What the giants can learn about customer service from the challenger brands

In October we’re exhibiting at a niche business show. To support this we’ve decided to invest in a new exhibition stand. The design has been agreed and the order placed. Last week our new stand was due to be delivered. An international carrier was selected by our supplier to make our delivery.

On Thursday I was out of the office. On return I picked up a ‘Sorry we missed you!’ card telling me that a failed delivery had taken place. This was disappointing to receive as other businesses are based in our building and we have an agreement we’ll sign for each others’ deliveries. However, the good news was that the calling card said a further delivery will be attempted on the next working day. I went on line to see if I could track my delivery. Unfortunately the courier’s website wasn’t working, displaying an error message.

On Friday there was no delivery and no calling card. More disappointment. I went on line to see if I could track my delivery. Unfortunately the courier’s website still wasn’t working. Even more disappointment.

On Saturday morning I checked the website again, using the consignment number as before. Still the website wasn’t working. My disappointment was now turning to frustration.

I then telephoned the help desk, asking for an update on where my delivery was and when the delivery is likely to take place. The young woman that I spoke to was very pleasant and helpful. She informed me that failed deliveries had taken place on Wednesday (which was news to me as no calling card was left) and Thursday. She then explained that no delivery was attempted on the Friday. However, a delivery was to be made on the Saturday (which was not a working day).

By this time my frustration turned into resignation. We arranged for the parcel to be returned to the depot in Wellingborough and that I would collect it later.

I did mention that calling ahead (by either the delivery driver or the call centre) would have avoided 3 failed deliveries. As well as making the my life easier (as the customer) it would also save time and money for the courier. The young woman on the help desk agreed but said that the delivery drivers are not allowed mobile phones. She couldn’t say why. I wonder how her levels of motivation and engagement are sustained as she remains unable to help influence to improve things.

The delivery company involved is TNT. This is an international company with a huge reputation. I guess this is why they were chosen.
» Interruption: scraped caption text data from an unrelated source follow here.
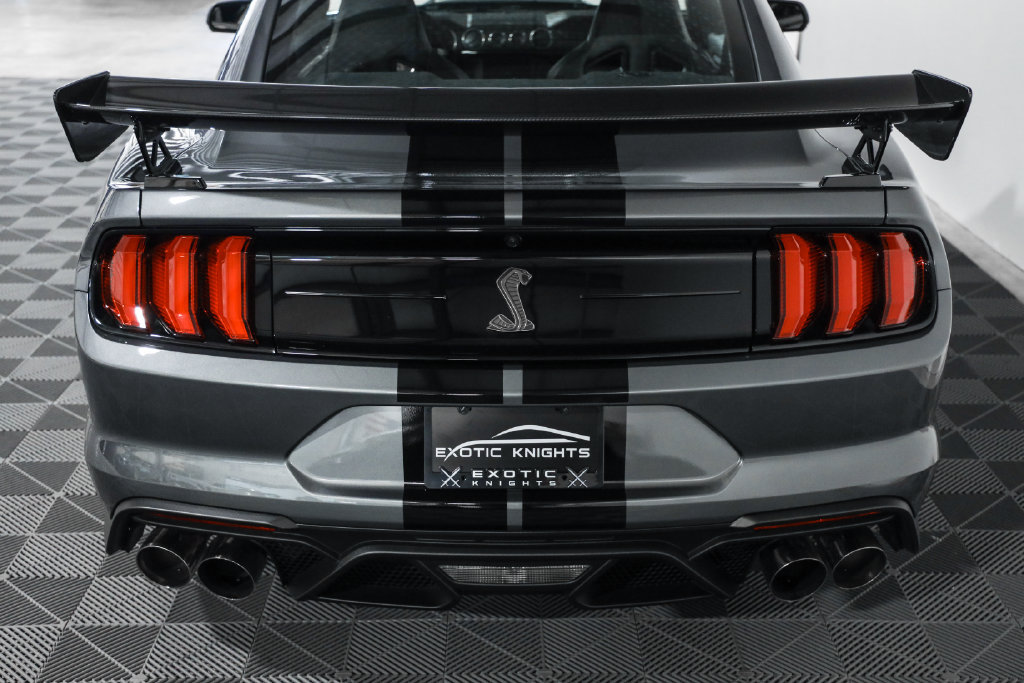 Used 2022 Ford Mustang Shelby GT500 w/ Carbon Fiber Track Pack RWD image 43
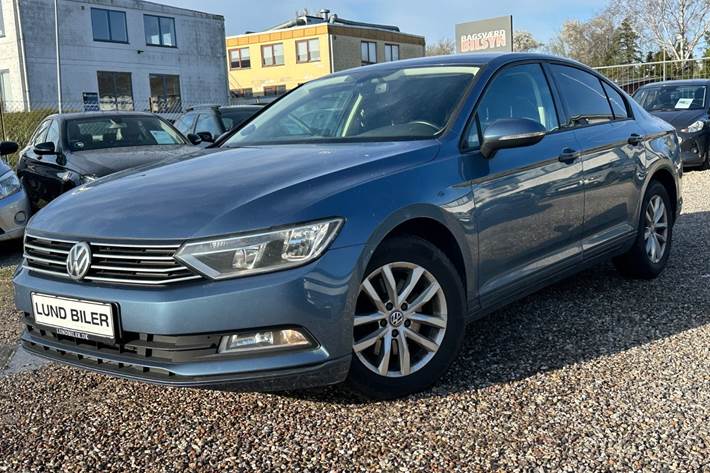 Blå VW Passat fra 2015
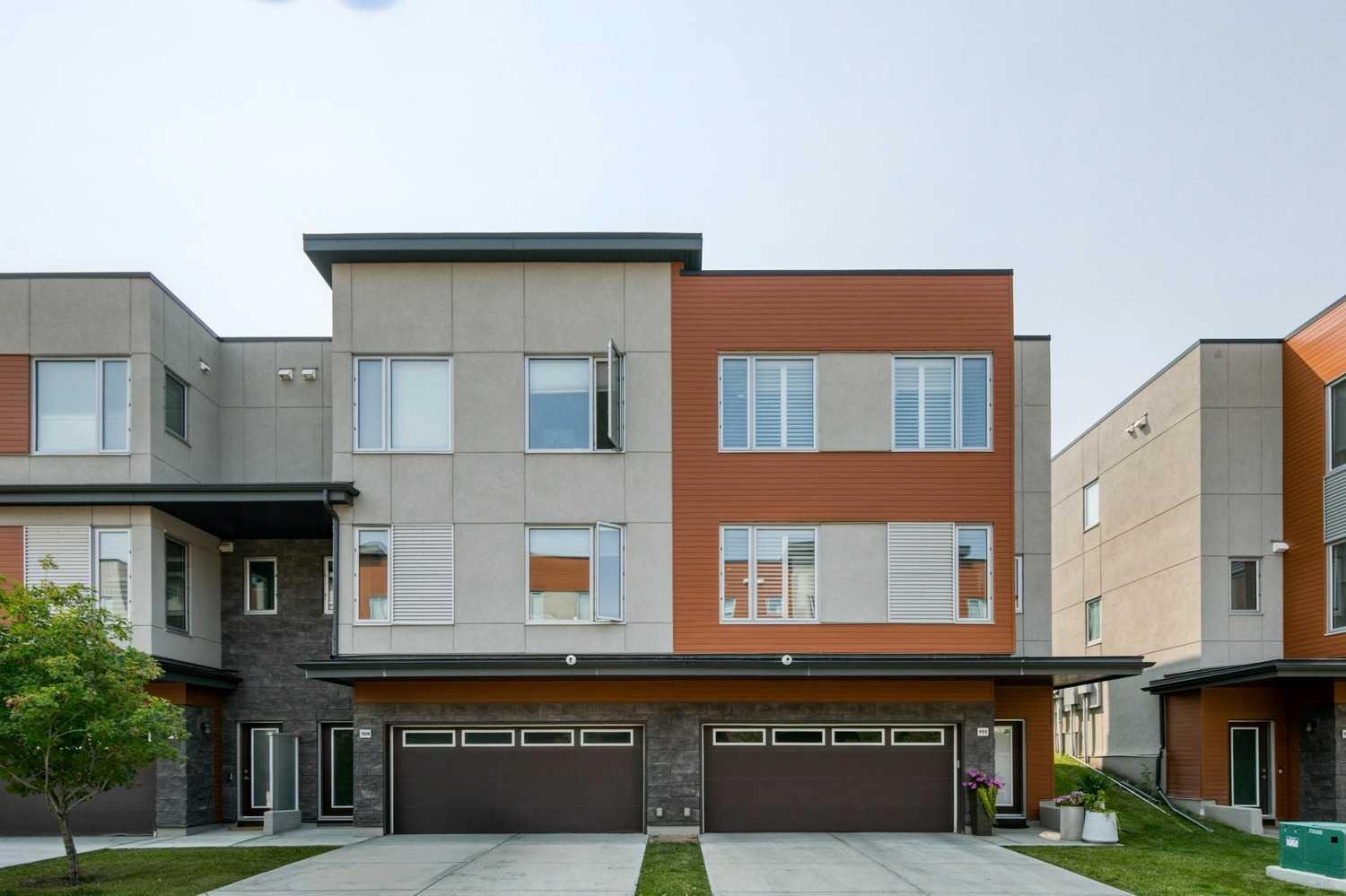 111 Shawnee Common SW, Calgary, AB, T2Y 0P9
Now compare TNT’s approach to that of Breezemount UK. This is a family owned company that has grown enormously over recent years. They specialise in delivery in 2-man home delivery. Their process is to agree a delivery day and an approximate time. They call ahead to make sure the delivery can be made and that the expected delivery time is convenient. Not rocket science, they just have and follow their customer-focused processes. I wish our supplier had chosen Breezemount UK over TNT to deliver our exhibition stand.

Breezemount UK is clearly a challenger brand. My message to them is please keep challenging – I think you may well wake up some sleeping giants.